Your reason for saying that is not that you believe we should keep replicating studies forever even after they've shown an effect exists. Your basic disagreement in such a scenario is that you simply don't believe the efficacy of SSRIs has been established to your satisfaction, so we shouldn't move on from that type of research yet.

And that's a perfectly reasonable thing to disagree on.

But Utts was accused of being anti-scientific for wanting to move on from replication research because in her mind it's been established well enough that further studies are a waste of time. You disagree with her on that specific point and you think more replications are needed. That's fine. But no one is being "anti-scientific" here, you're just disagreeing on a factual question about what the current evidence actually shows. That's it. But it's obvious that if the research eventually got strong enough to show that ESP is possible and the body of evidence was so strong that more replications would be a waste of time, you yourself would eventually want resources and focus to shift from more replication studies to something more useful.

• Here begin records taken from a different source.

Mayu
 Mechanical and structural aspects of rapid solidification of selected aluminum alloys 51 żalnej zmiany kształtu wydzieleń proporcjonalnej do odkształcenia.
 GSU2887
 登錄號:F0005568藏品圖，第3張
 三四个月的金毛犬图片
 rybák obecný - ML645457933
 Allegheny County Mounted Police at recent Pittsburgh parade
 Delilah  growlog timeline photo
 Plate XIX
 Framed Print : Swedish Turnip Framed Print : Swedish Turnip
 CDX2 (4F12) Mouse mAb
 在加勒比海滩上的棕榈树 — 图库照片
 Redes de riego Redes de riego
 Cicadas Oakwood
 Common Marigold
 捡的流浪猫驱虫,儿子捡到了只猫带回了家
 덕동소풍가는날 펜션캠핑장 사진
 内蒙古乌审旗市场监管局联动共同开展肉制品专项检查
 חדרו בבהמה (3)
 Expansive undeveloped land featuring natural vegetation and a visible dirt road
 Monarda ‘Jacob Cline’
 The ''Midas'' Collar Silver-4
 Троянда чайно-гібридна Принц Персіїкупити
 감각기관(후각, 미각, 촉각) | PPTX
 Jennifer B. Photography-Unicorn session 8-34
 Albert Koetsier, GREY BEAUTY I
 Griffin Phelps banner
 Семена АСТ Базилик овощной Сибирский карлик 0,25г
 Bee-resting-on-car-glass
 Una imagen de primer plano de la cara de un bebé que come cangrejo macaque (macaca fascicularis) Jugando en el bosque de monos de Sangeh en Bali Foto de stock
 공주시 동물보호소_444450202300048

There's nothing anti-scientific happening here, just a boring disagreement about what the data currently shows.
 
I cannot remember ever reading an academic paper in any peer-reviewed journal that said anything about author "opinion" or further research being a waste of resources. I read and analyze hundreds of articles a year for school, and it's my understanding that this is the sort of thing authors are rejected for during the peer review process. Heck, if I wrote anything about my opinion in an undergrad-level research paper I would be marked down considerably, especially if I didn't cite multiple credible academic sources for my claim.
I have, typically in Lit. Reviews and meta-analytic studies. Might vary by field though. I'm mostly familiar with philosophy (where this kind of thing doesn't apply) and behavioral sciences. It'd take me a bit to find examples of it since it's not the kind of thing I mentally flag for future reference, but it's not at all unusual to see. Researchers comment on what avenues are dead ends and what areas are open for fruitful new research all the time in their papers.